(Web page caption snippets)
╔══
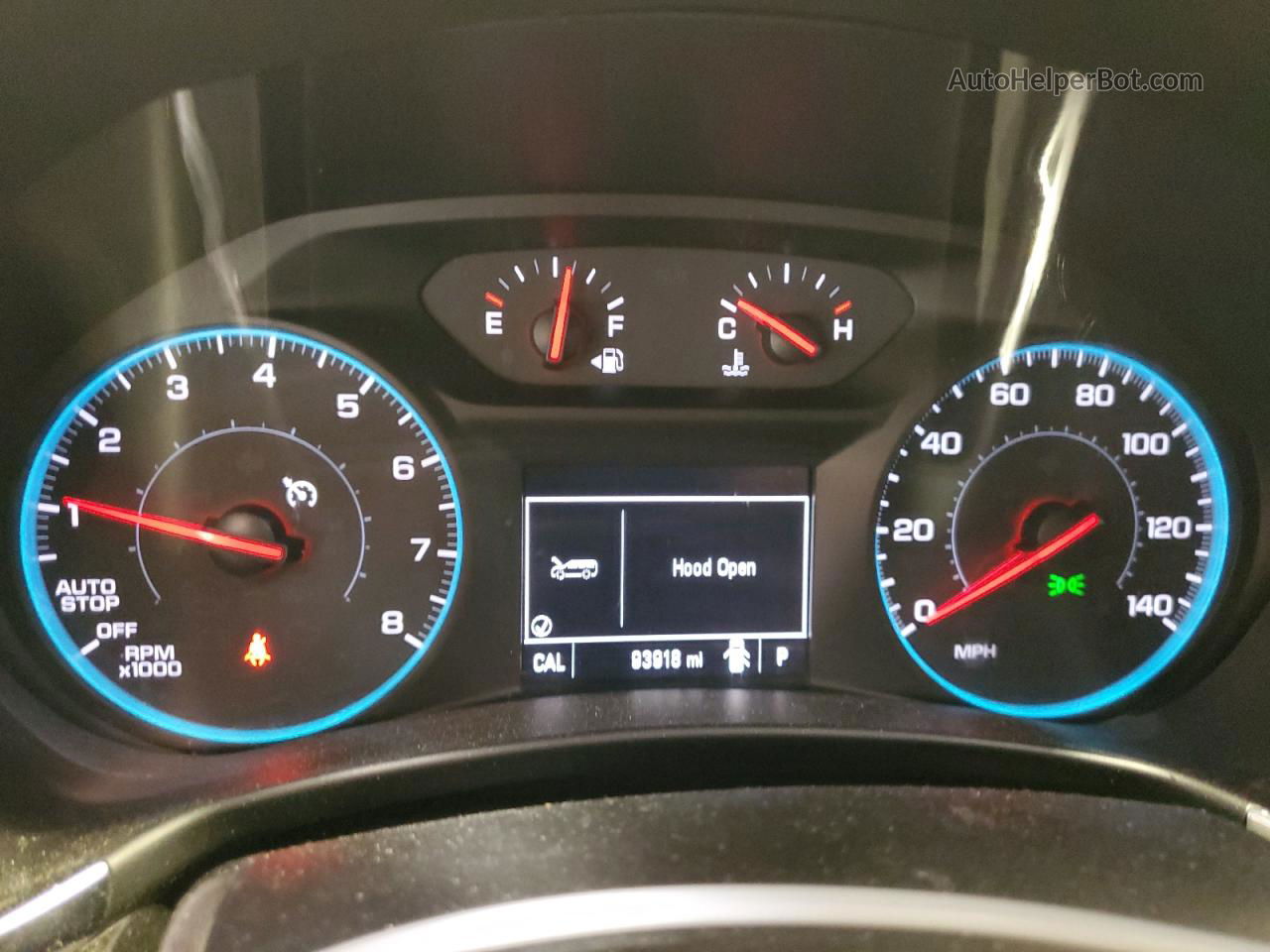 2018 Chevrolet Equinox Lt Синий vin: 3GNAXSEV7JS642166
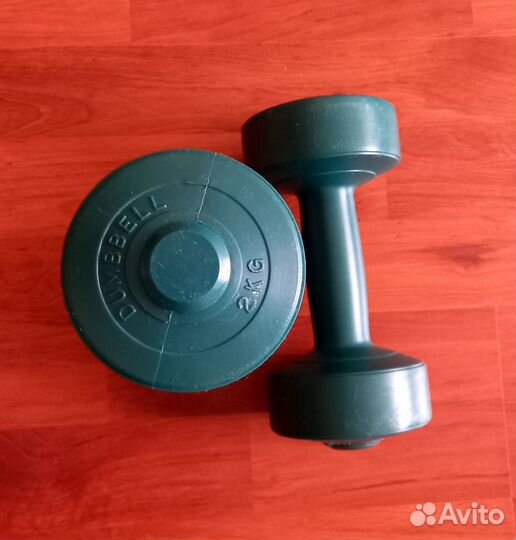 Гантели (по 2 кг) Dumbbell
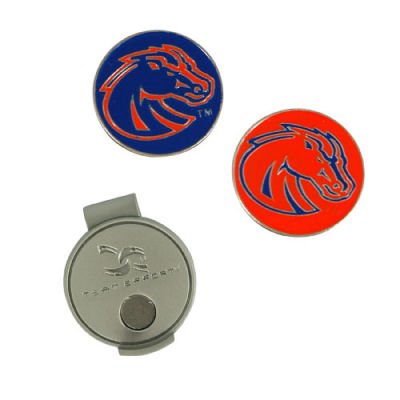 Boise State Broncos Golf Hat Clip Ball Marker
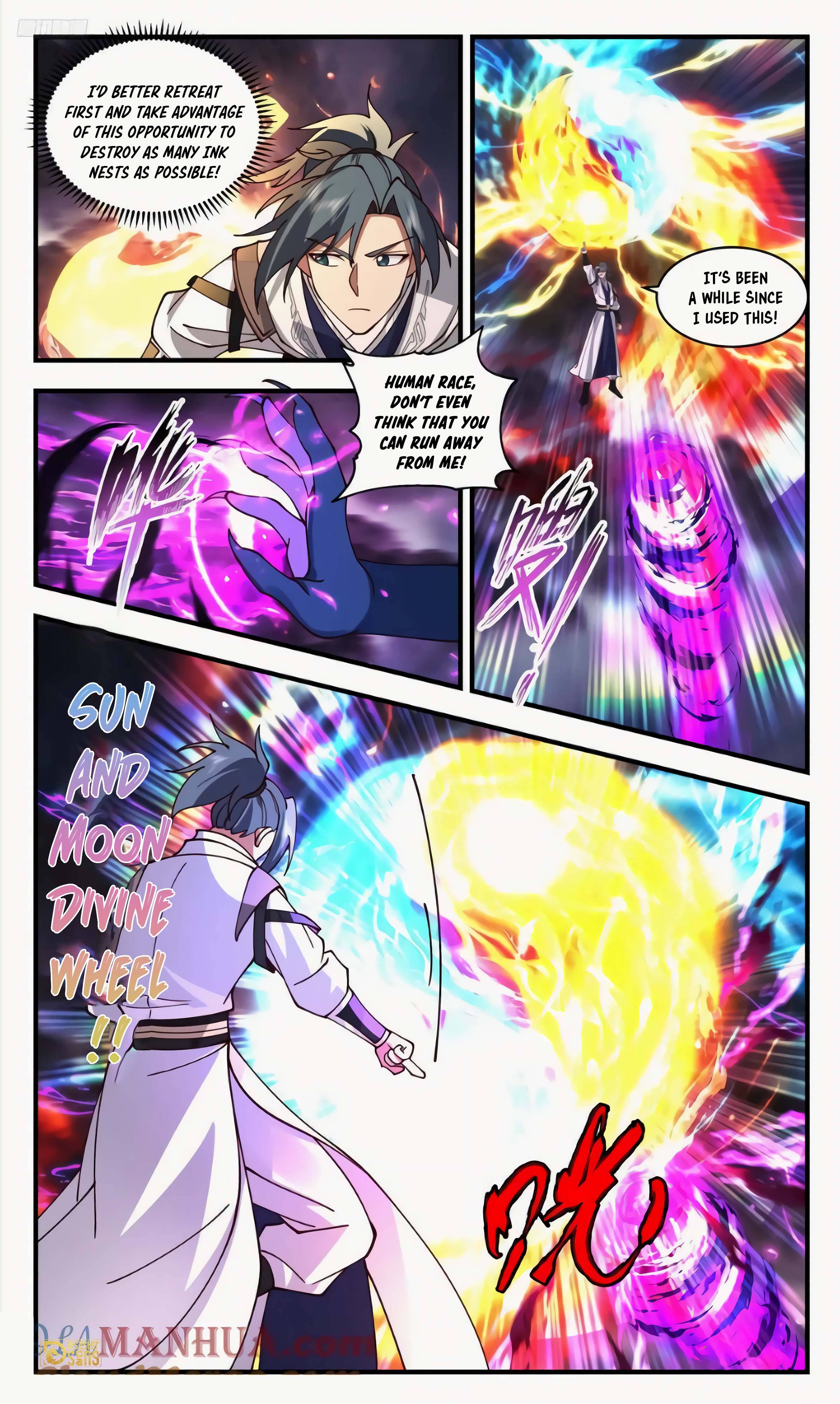 Martial Peak Chapter 3245 page 3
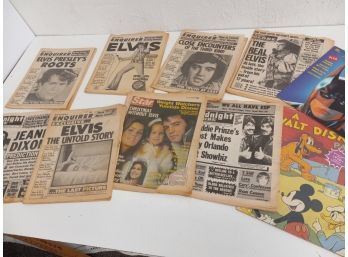 Vintage Newpaper Lot
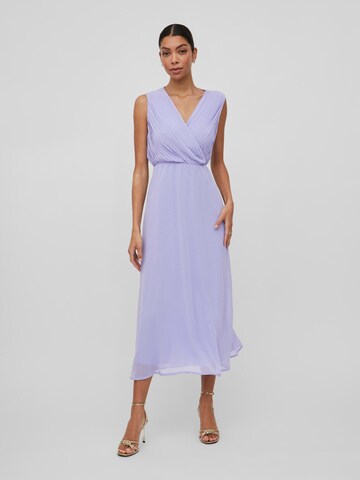 VILA Evening Dress 'SIRRAH' in Purple: front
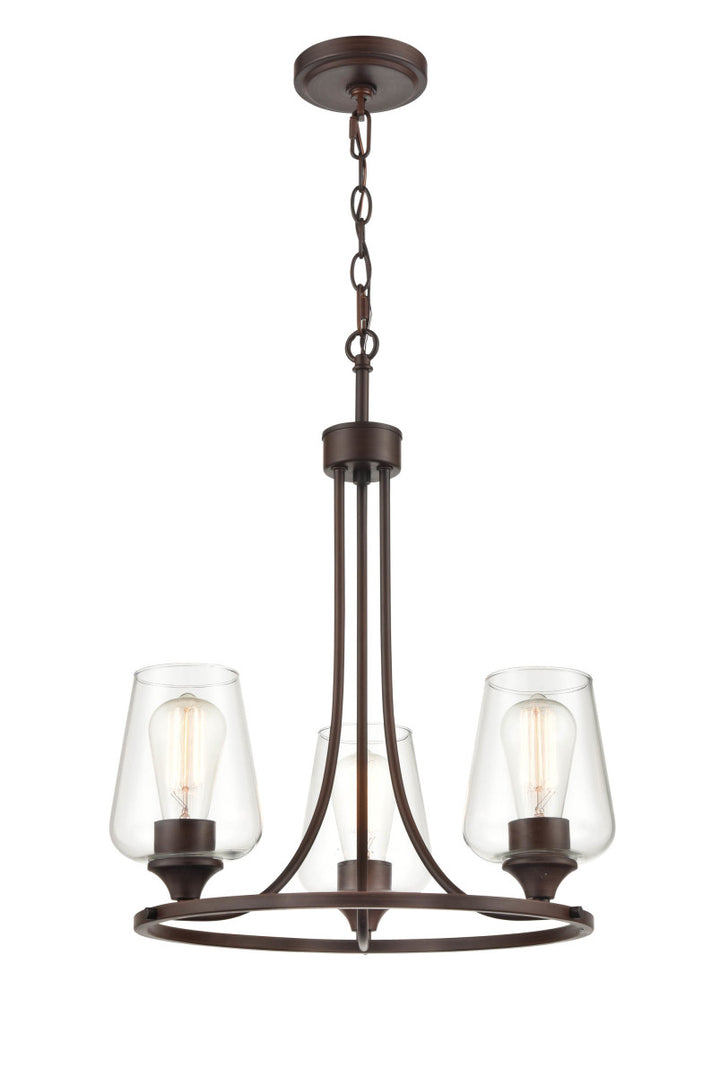 Millennium Ashford 9723-RBZ Chandelier Light - Rubbed Bronze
╚══
→ **What is needed**:
Take each line from the records and copy it unchanged, leaving images out.

→ **Final answer**:
 2018 Chevrolet Equinox Lt Синий vin: 3GNAXSEV7JS642166
 Гантели (по 2 кг) Dumbbell
 Boise State Broncos Golf Hat Clip Ball Marker
 Martial Peak Chapter 3245 page 3
 Vintage Newpaper Lot
 VILA Evening Dress 'SIRRAH' in Purple: front
 Millennium Ashford 9723-RBZ Chandelier Light - Rubbed Bronze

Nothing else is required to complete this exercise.